So the only way (in this context, with the surrounding wording and examples) to read

An element with no content

would be to include "content that (while matching the production) is completely empty" (i.e. zero-length, not even white-space).

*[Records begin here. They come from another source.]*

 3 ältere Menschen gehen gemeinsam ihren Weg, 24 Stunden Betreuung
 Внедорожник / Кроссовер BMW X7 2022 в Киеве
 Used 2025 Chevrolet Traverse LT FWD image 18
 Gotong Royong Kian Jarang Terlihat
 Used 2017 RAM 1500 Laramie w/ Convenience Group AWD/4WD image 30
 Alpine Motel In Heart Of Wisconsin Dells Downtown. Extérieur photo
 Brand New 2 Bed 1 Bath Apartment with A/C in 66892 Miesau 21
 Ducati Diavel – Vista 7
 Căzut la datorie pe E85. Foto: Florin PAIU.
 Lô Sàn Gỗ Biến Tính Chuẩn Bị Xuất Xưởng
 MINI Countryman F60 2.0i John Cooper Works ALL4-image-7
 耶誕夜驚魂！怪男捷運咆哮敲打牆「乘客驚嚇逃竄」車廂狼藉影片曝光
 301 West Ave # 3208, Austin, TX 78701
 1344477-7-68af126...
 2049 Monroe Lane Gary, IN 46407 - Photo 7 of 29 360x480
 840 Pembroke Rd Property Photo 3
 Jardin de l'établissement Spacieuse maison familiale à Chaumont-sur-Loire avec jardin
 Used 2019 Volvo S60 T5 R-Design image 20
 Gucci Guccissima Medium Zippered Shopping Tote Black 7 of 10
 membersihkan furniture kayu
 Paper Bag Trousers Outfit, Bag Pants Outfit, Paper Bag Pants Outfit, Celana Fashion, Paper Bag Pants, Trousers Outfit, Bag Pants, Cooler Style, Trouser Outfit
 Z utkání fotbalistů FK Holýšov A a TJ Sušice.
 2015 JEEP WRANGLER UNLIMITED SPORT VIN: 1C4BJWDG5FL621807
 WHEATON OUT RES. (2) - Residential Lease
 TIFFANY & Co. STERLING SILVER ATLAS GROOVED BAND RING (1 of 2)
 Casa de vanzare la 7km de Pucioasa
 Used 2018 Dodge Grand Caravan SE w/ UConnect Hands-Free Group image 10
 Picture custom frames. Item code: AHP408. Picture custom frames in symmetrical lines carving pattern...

I wanted to check what different variations of "empty" actually are empty.

Variation A

<Santa/>

gives a tree of

|- NODE_DOCUMENT #document ""
   |- NODE_ELEMENT Santa ""

Variation B

<Santa></Santa>

gives a DOM tree of:

|- NODE_DOCUMENT #document ""
   |- NODE_ELEMENT Santa ""

Variation C

<Santa>Space</Santa>

gives a DOM tree of:

|- NODE_DOCUMENT #document ""
   |- NODE_ELEMENT Santa ""

Variation D

<Santa>Tab</Santa>

gives a DOM tree of:

|- NODE_DOCUMENT #document ""
   |- NODE_ELEMENT Santa ""

Variation E

<Santa>CRLF
</Santa>

gives a DOM tree of:

|- NODE_DOCUMENT #document ""
   |- NODE_ELEMENT Santa ""

All variations of text give the same DOM tree. When a XML document is asked to serialize itself, the DOM tree:

|- NODE_DOCUMENT #document ""
   |- NODE_ELEMENT Santa ""

results in the serialized text:

<?xml version="1.0"?>
<Santa/>

Manually adding an empty text node

I wanted to see what happens if i build the DOM tree:

|- NODE_DOCUMENT #document ""
   |- NODE_ELEMENT Santa ""
      |- NODE_TEXT #text ""

using the pseudo-code:

XmlDocument doc = new XmlDocument();
XmlElement santa = doc.appendChild(doc.CreateElement("Santa"));
santa.appendChild(doc.CreateText(""));

When that DOM document is saved to a stream, it comes out as:

<?xml version="1.0"?>
<Santa/>

Even when the element is forced to have a child (i.e. forced to not be empty), the DOM takes it to be empty.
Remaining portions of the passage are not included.